When Javid and Tan find an incomplete early draft, they pay him a little visit
hoping to strong arm a better ending out of him, but it is hard to get around
certain principles of screenwriting.
Arend
Remmers, the real life screenwriter, deserves credit for re-invigorating the Don
Quixote/Pirandello-esque conceit of characters acknowledging and responding to
the supposedly fictional works in which they appear. In Remmers’ screenplay[s],
it is presented in a fittingly surreal and post-modern fashion, but it is never
belabored, because there is additional pressing mayhem going on simultaneously,
particularly that involving the film’s wildcards, Hyper Electro Man, the
costumed vigilante, and Snowflake, Javid and Tan’s supposed guardian angel.
Snowflake is an
espresso-charged, pedal-to-the-metal revenge thriller, with a heck of a lot of
moving parts, but it still features some downright shockingly memorable
performances. Xenia Assenza and David Masterson are terrific together as Eliana
and Carson, in what might be the best bodyguard-client movie relationship since
Sammo Hung’s The Bodyguard (which
could be the best ever).
Adrian
Topol also bears watching as Bolek, who turns out to be a surprisingly
compassionate cannibalistic Polish hitman (look, you have to make allowances in
the future). Alexander Schubert earns some big laughs as Remmers, the on-screen
sad sack screenwriter, but neither Reza Brojerdi or Erkan Acar manage to
appreciably humanize Javid and Tan, despite the film’s efforts on their behalf.

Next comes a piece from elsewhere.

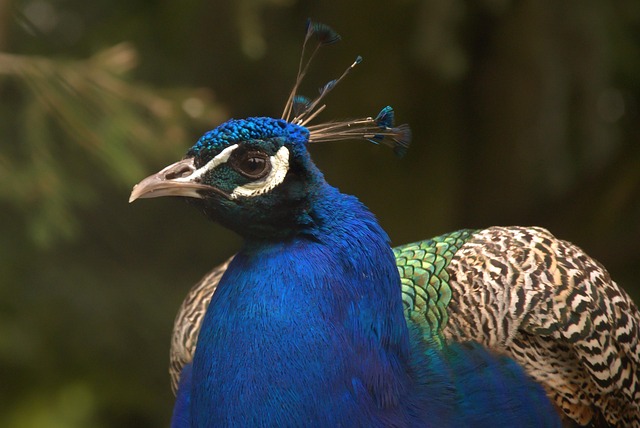 Free Peacock Feathers photo and picture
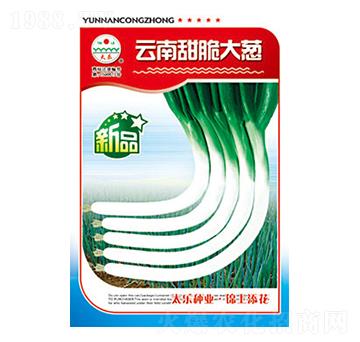 大蔥種子-云南甜脆大蔥-太樂種業(yè)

However, the insanity really skyrockets when crafty veteran David Gant appears
as Caleb, Carson’s apocalyptic cult-leader father Caleb.
Genre
fans will be relieved to know Snowflake’s
metaness never gets in the way of the violence. For a dystopia, Adolfo
Kolmerer & William James’ Berlin looks a heck of a lot like our world, but
it is still an unusually dark vision of the future. Yet, somehow, they also
make it wildly entertaining. Highly recommended for fans of cult cinema, Snowflake screens tonight (11/5), as
part of this year’s Cinepocalypse.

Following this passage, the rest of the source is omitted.